AVIGNON OFF : « LA FUITE » AU THEATRE DU CHENE NOIR
LE BRUIT DU OFF/ 15 juillet
AVIGNON OFF : « La Fuite » d’après Gao Xingjian, mis en scène par Andréa Brusque au théâtre du Chêne Noir jusqu’au 27 juillet à 15h.
Cela avait plutôt bien commencé… Un jeune homme et une toute jeune femme aux abois venant trouver refuge dans cet entrepôt encombré d’objets hétéroclites, sorte de mise en abyme du désordre chaotique qui règne en maître dehors. La semi-obscurité, le bruit des mitrailleuses qui crépitent à l’extérieur, la panique qui envahit la jeune femme découvrant que sa robe est souillée de sang avant que, soulagée d’être encore en vie, elle ne s’aperçoive que ce sang n’est pas le sien…
Très vite retour à l’horreur : le terrifiant regard de l’autre femme au cri resté figé dans la gorge lui revient en pleine figure, le sang dont sa robe est maculée lui appartenait… De même le bout de cervelle que le jeune homme horrifié découvre en passant la main dans ses cheveux, c’était celui d’un manifestant ou d’un passant à la tête éclatée par une rafale.
Brève immersion, d’emblée réussie, dans le théâtre de la cruauté de toutes les guerres civiles, lieu où la population devient un réservoir de martyrs en puissance. Le parti pris réaliste est assumé non sans un certain esthétisme grâce au jeu des lumières. Et lorsque l’on sait que Gao Xingjian s’est inspiré des événements de la place Tian’anmen (Pékin, 1989) pour écrire sa pièce, on se dit que la férocité de la répression qu’il va nous exposer, lui qui avait été renvoyé, quelques vingt années auparavant, durant la Révolution Culturelle en camp de rééducation après s’être vu contraint de brûler une valise contenant plusieurs manuscrits, est marquée du sceau de son expérience personnelle.
D’autre part, on n’est pas prix Nobel de littérature 2000, lecteur ou/et traducteur d’Eugène Ionesco, Jacques Prévert et Henri Michaux, par purs hasards. Le sujet documenté, le parcours de l’auteur du texte, tout laissait donc à penser la qualité du huis-clos à venir réunissant trois personnages « en sursis ». Jusque-là tout allait bien … Mais ensuite, tout s’écroule…

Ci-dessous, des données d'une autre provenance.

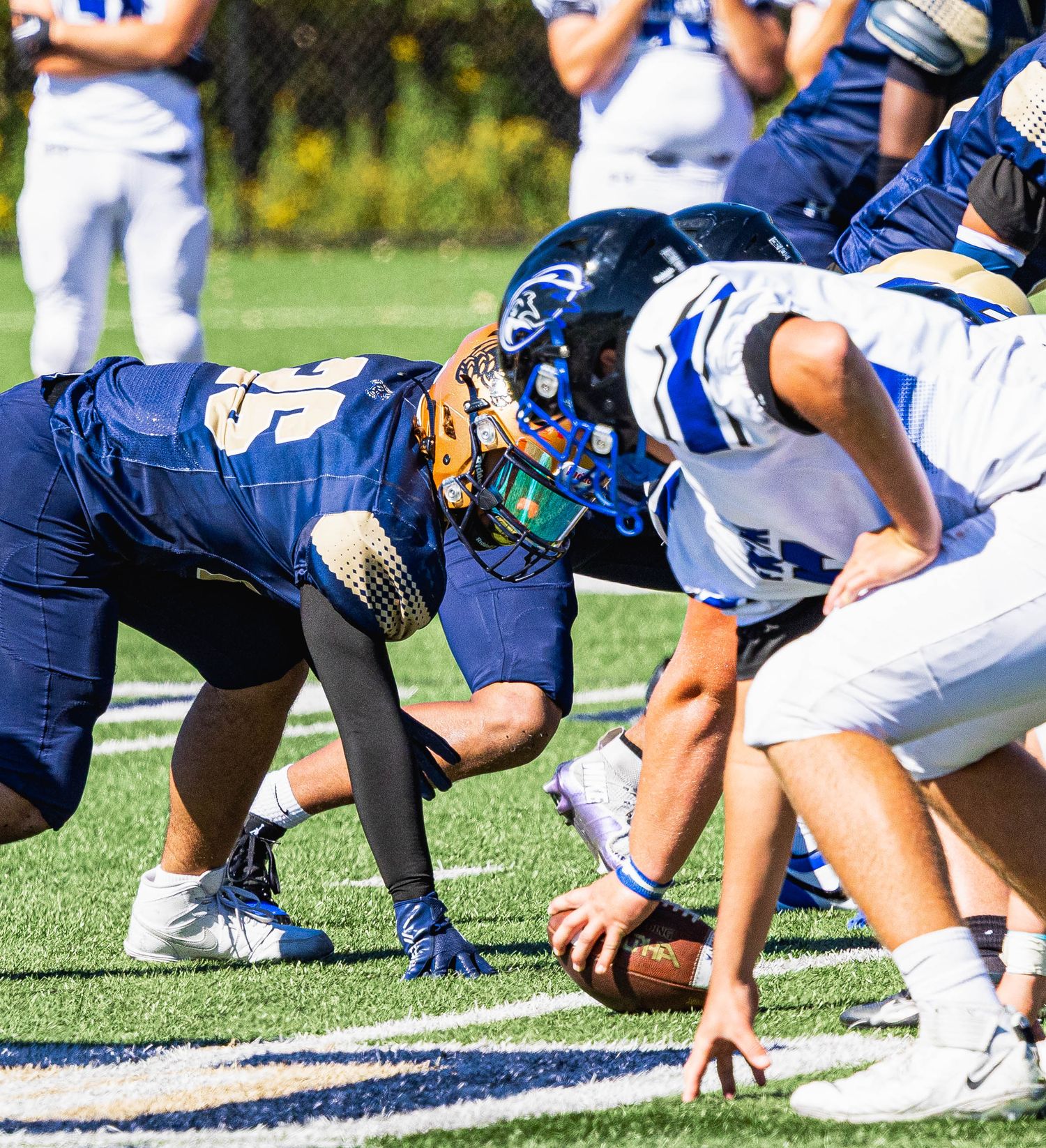 High school football players face off at the line of scrimmage during an intense daytime game.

Ce qui va se passer en effet là, dans cette antichambre de la mort qui rôde, n’est aucunement à la hauteur du tragique de la situation. Les échanges aussi bien physiques qu’intellectuels sont d’un convenu et d’une platitude assez sidérants. En effet, si la libido – certes exacerbée par la menace immanente et imminente que fait peser Thanatos – est l’ultime refuge pour se sentir encore vivant en assurant, un bref instant, la décharge des tensions accumulées, sa représentation mimée sur le plateau est des plus lourdingue : elle ne dit rien de la sensualité rageuse qui s’emparerait de personnages confrontés à l’impensable de la mort mais participe plutôt d’un fabliau comique. Quant aux longs débats pseudo philosophiques concernant le rapport que cette jeune femme peut entretenir avec ces deux jeunes hommes, ils relèvent d’une indigence patente et ont très peu à voir avec ce qui se joue ici et maintenant.
Les acteurs ont beau se débattre avec énergie, le texte leur ôte toute crédibilité. La déception est à la hauteur des fortes attentes qui avaient poussé à se précipiter vers La Fuite.